WORK REQUIRED
Restate each line of the listing exactly, without carrying over any pictures.

SUPPLIED RECORDS
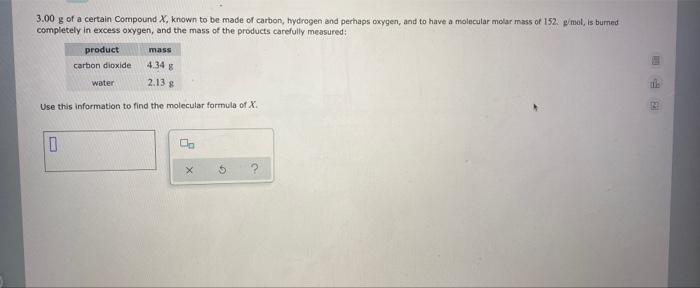 3 00 G Of A Certain Compound X Known To Be Made Of Carbon Hydrogen And Perhaps Oxygen And To Have A Molecular Molar M 1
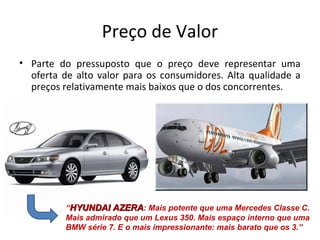 Preço de Valor
• Parte do pressuposto que o preço deve representar uma
oferta de alto valor para os consumidores. Alta qualidade a
preços relativamente mais baixos que o dos concorrentes.
“HYUNDAI AZERAHYUNDAI AZERA: Mais potente que uma Mercedes Classe C.
Mais admirado que um Lexus 350. Mais espaço interno que uma
BMW série 7. E o mais impressionante: mais barato que os 3.”
 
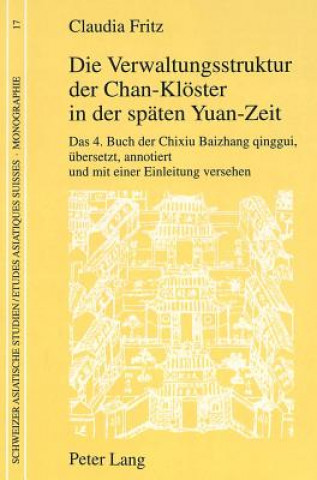 Kniha Die Verwaltungsstruktur der Chan-Kloester in der spaeten Yuan-Zeit Claudia Fritz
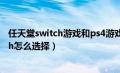 任天堂switch游戏和ps4游戏比较如何（ps4和任天堂switch怎么选择）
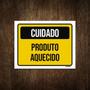 Imagem de Placa Cuidado Produto Aquecido 36X46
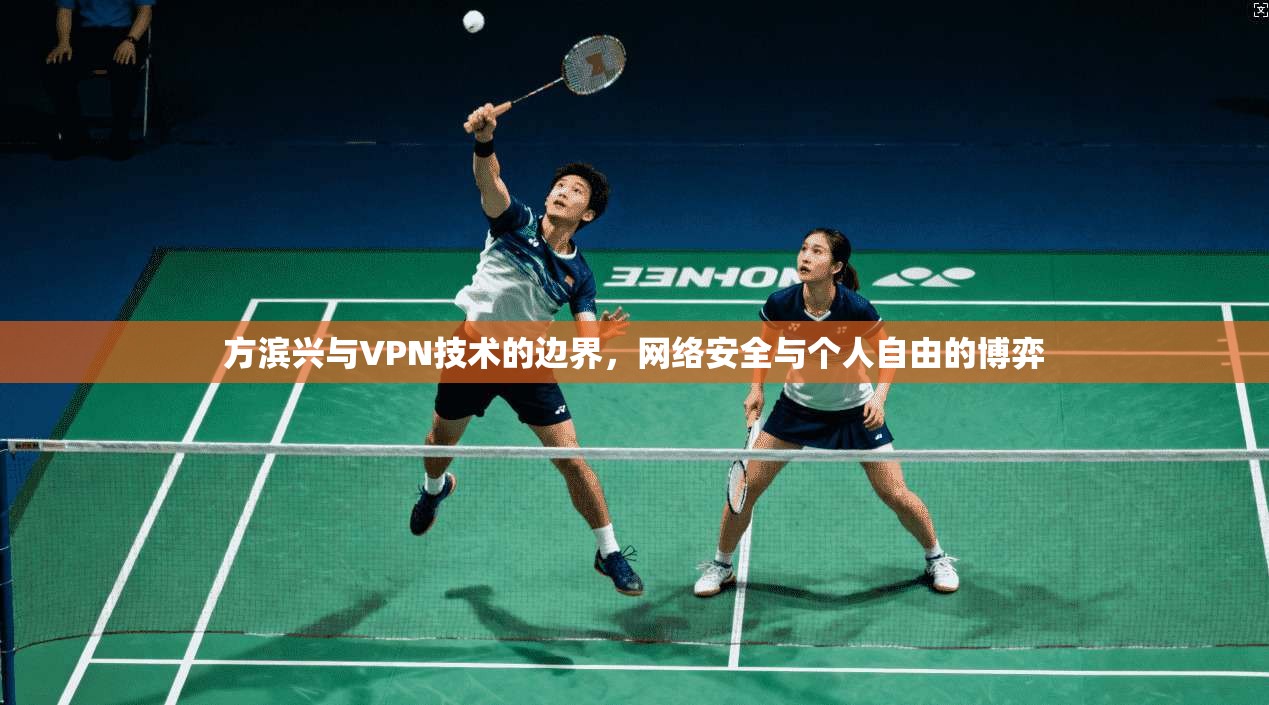 方滨兴与VPN技术的边界,网络安全与个人自由的博弈 方滨兴与VPN技术的边界,网络安全与个人自由的博弈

TASK RESULT
 3 00 G Of A Certain Compound X Known To Be Made Of Carbon Hydrogen And Perhaps Oxygen And To Have A Molecular Molar M 1
 Preço de Valor
• Parte do pressuposto que o preço deve representar uma
oferta de alto valor para os consumidores. Alta qualidade a
preços relativamente mais baixos que o dos concorrentes.
“HYUNDAI AZERAHYUNDAI AZERA: Mais potente que uma Mercedes Classe C.
Mais admirado que um Lexus 350. Mais espaço interno que uma
BMW série 7. E o mais impressionante: mais barato que os 3.”
 
 Kniha Die Verwaltungsstruktur der Chan-Kloester in der spaeten Yuan-Zeit Claudia Fritz
 任天堂switch游戏和ps4游戏比较如何（ps4和任天堂switch怎么选择）
 Imagem de Placa Cuidado Produto Aquecido 36X46
 方滨兴与VPN技术的边界,网络安全与个人自由的博弈 方滨兴与VPN技术的边界,网络安全与个人自由的博弈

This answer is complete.